A $160 million loan made by a real-estate investment trust in 2015 was secured by 40 Wall Street, one of Donald Trump’s most valuable Manhattan properties. The loan was packaged with other real-estate debts and sold to investors.

A $160 million loan made by a real-estate investment trust in 2015 was secured by 40 Wall Street, one of Donald Trump’s most valuable Manhattan properties. The loan was packaged with other real-estate debts and sold to investors. Photo: Bloomberg News

That uncertainty—compounded by Mr. Trump’s decision to break with decades of precedent by declining to release his tax returns—makes it impossible to gauge the full extent of potential conflicts.

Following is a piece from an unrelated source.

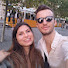 dM3qLXbROvw-channel-avatar-Vloggio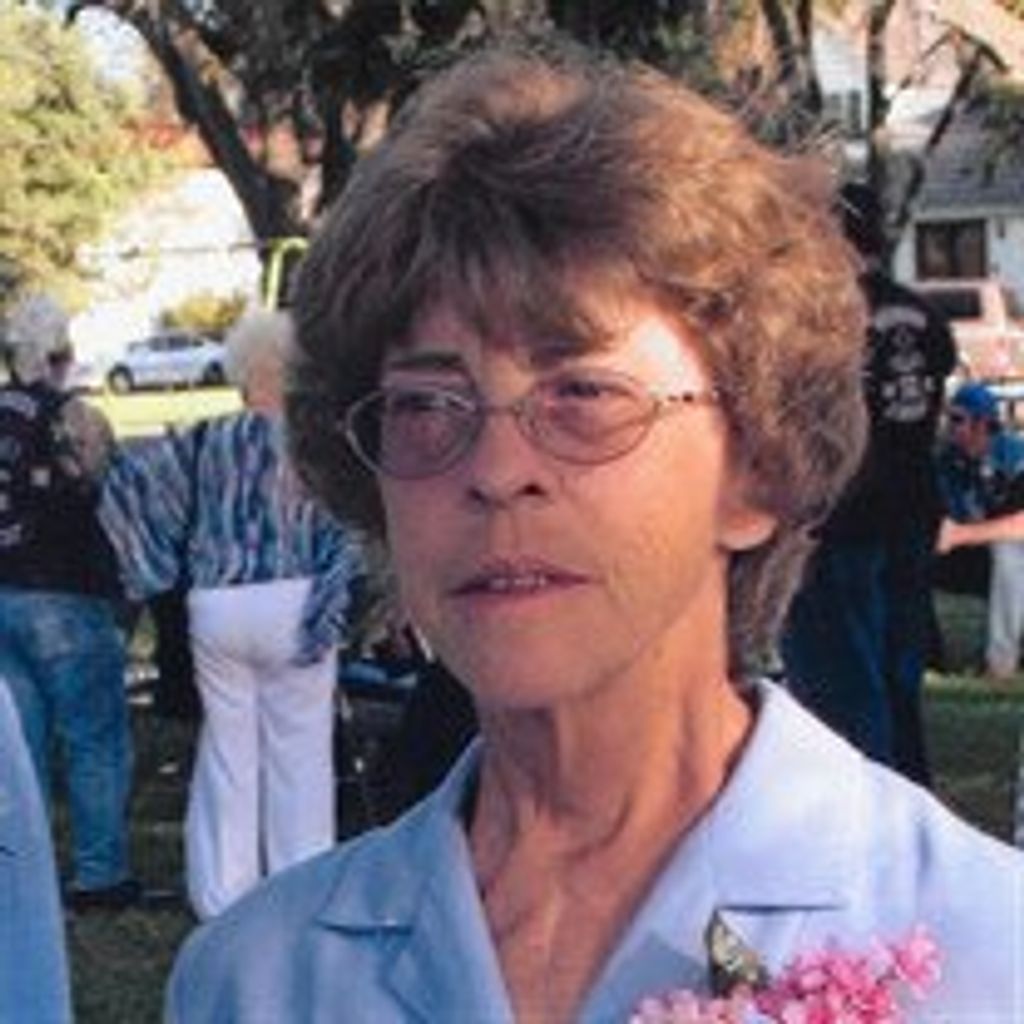 Linda  L. Gibbons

Mr. Trump’s business consists chiefly of real-estate assets and units that manage hotels and condo towers, rolled up in an umbrella company called the Trump Organization, which he owns.

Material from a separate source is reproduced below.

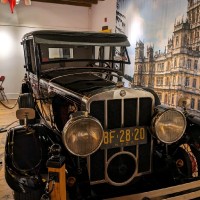 Daniel Derusha Email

Last May, Mr. Trump filed a financial-disclosure form with the Federal Election Commission that listed 16 loans worth $315 million that his businesses had received from 10 companies, including Deutsche Bank AG. But that form reported debts only for companies he controls, excluding more than $1.5 billion lent to partnerships that are 30%-owned by him.

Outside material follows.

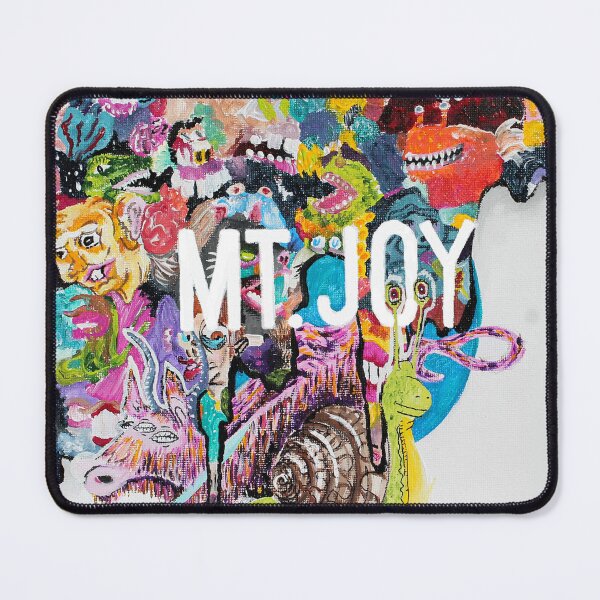 Item preview, MT JOY designed and sold by Kate  Timbes.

Ladder Capital Corp., a New York real-estate investment trust, is listed in the disclosure as financing some of Mr. Trump’s most valuable Manhattan properties. The firm in 2012 lent $100 million secured by Trump Tower, the president-elect’s Fifth Avenue headquarters, and in 2015 lent $160 million secured by 40 Wall Street, named in gold lettering on its art deco walls as “The Trump Building.” Both loans are backed by personal guarantees from Mr. Trump for part of the debt, securities filings show.

Ladder no longer owns any of the $282 million in loans it made to Trump entities, according to securities filings and a person familiar with the matter.

The appearance of potential conflicts is dangerous and seriously exists in this situation.

—Former FEC general counsel Lawrence Noble

The loans were packaged with other real-estate debts and sold to investors via six securitizations handled by Wells Fargo and Deutsche Bank. The special servicers on the loan pools—who would become involved if the loans defaulted—include units of regional bank  PNC Financial Services Group Inc. and home builder Lennar Corp., according to Trepp LLC, a real-estate data service.

Representatives of those companies declined to comment.

It is impossible to identify all the firms or individuals that now hold Trump businesses’ securitized debt, as these investments often don’t have to be disclosed. Morningstar’s analysis of filings by mutual funds found 151 that own parts of the pooled debt.

The loans on entities that are part-owned by Mr. Trump’s businesses are also controlled by financial institutions with big stakes in the president-elect’s agenda.

MetLife Inc., for example, has a $300 million loan to the limited liability company that owns 555 California Street, a 52-story San Francisco skyscraper. That LLC is in turn owned 30% by Mr. Trump and 70% by Vornado Realty Trust.

MetLife is fighting regulators in court over its designation as a “systemically important financial institution,” a classification that subjects it to stiffer regulations. The government is appealing an initial ruling in MetLife’s favor, and the Trump administration could decide to drop that challenge. The Trump transition team has promised to dismantle the 2010 Dodd-Frank law that created the SIFI label.

A MetLife spokesman declined to comment beyond issues related to its court case.

Deutsche Bank has a total of $340 million in outstanding loans to Trump entities, including a $170 million line of credit on his recently opened Washington hotel, according to property and securities filings. The German bank also is one of four firms—along with UBS Group AG, Goldman Sachs Group Inc. and Bank of China—that in 2012 agreed to lend $950 million to the companies that own 1290 Avenue of the Americas, a New York skyscraper near Rockefeller Center. Those companies are controlled by a partnership that is 30% owned by Mr. Trump.

The $950 million loan was securitized in 2012 in a deal led by Deutsche. Wells Fargo is the special servicer for the securitized debt.